**SUPPLIED INFORMATION**.

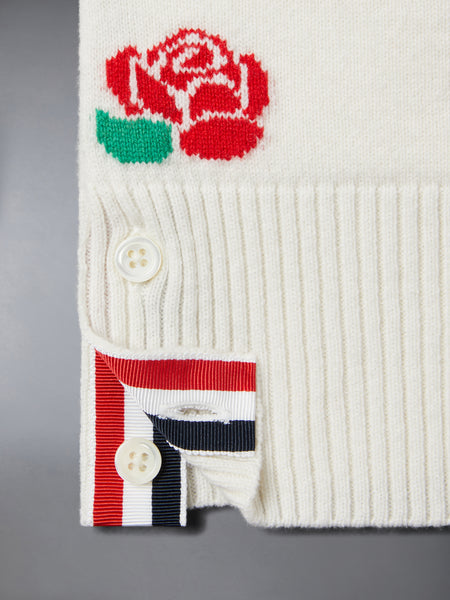 MERINO WOOL ROSE AND RAVEN CARDIGAN WHITE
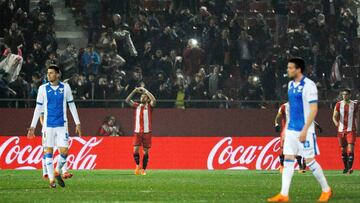 GRAF3299. GIRONA, 16/02/2018.- El centrocampista del Girona Cristian Portugués "Portu" (c) celebra el gol marcado ante el Leganés, el segundo del equipo, durante el partido de la vigésimo cuarta jornada de Liga que disputan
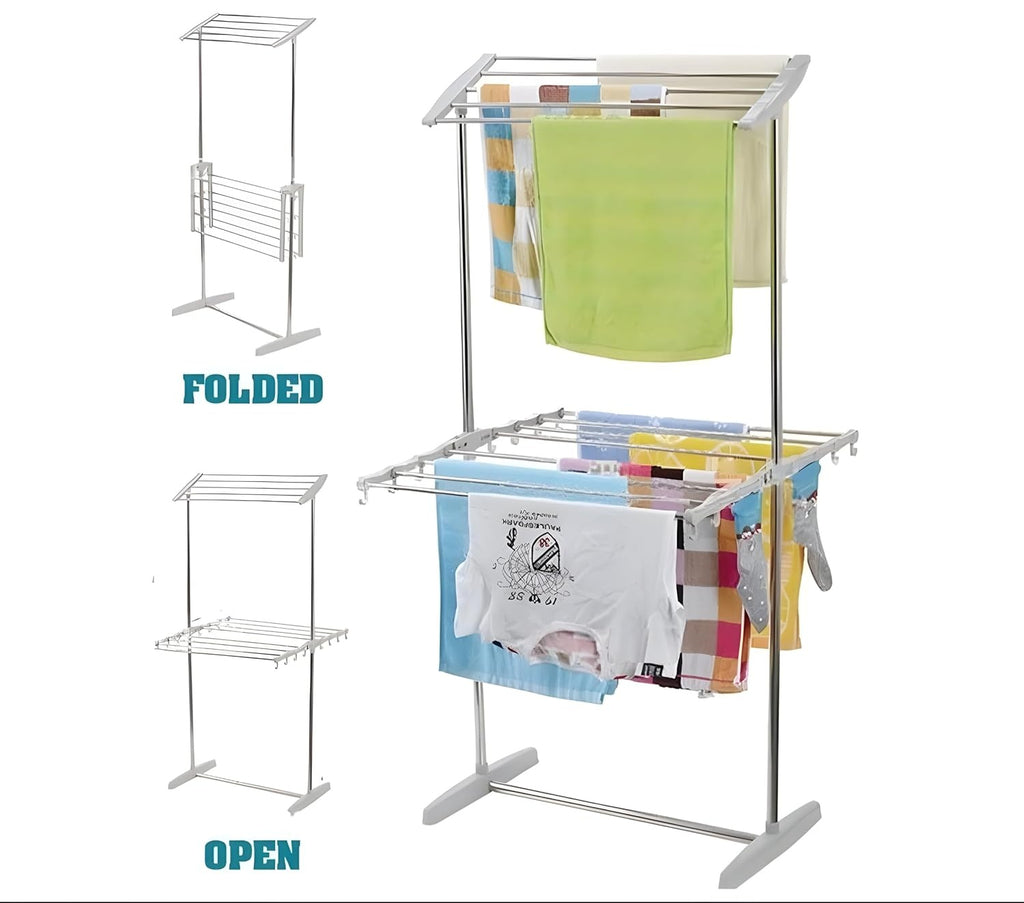 2-Layer Mobile Towel Rack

**WORK ITEM**.
Your task is to repeat, word for word and with no picture, every line from the one that contains "GRAF3299. GIRONA, 16/02/2018.- El" through the last line of the data.

**RESULT FOR THIS TASK**.
 GRAF3299. GIRONA, 16/02/2018.- El centrocampista del Girona Cristian Portugués "Portu" (c) celebra el gol marcado ante el Leganés, el segundo del equipo, durante el partido de la vigésimo cuarta jornada de Liga que disputan
 2-Layer Mobile Towel Rack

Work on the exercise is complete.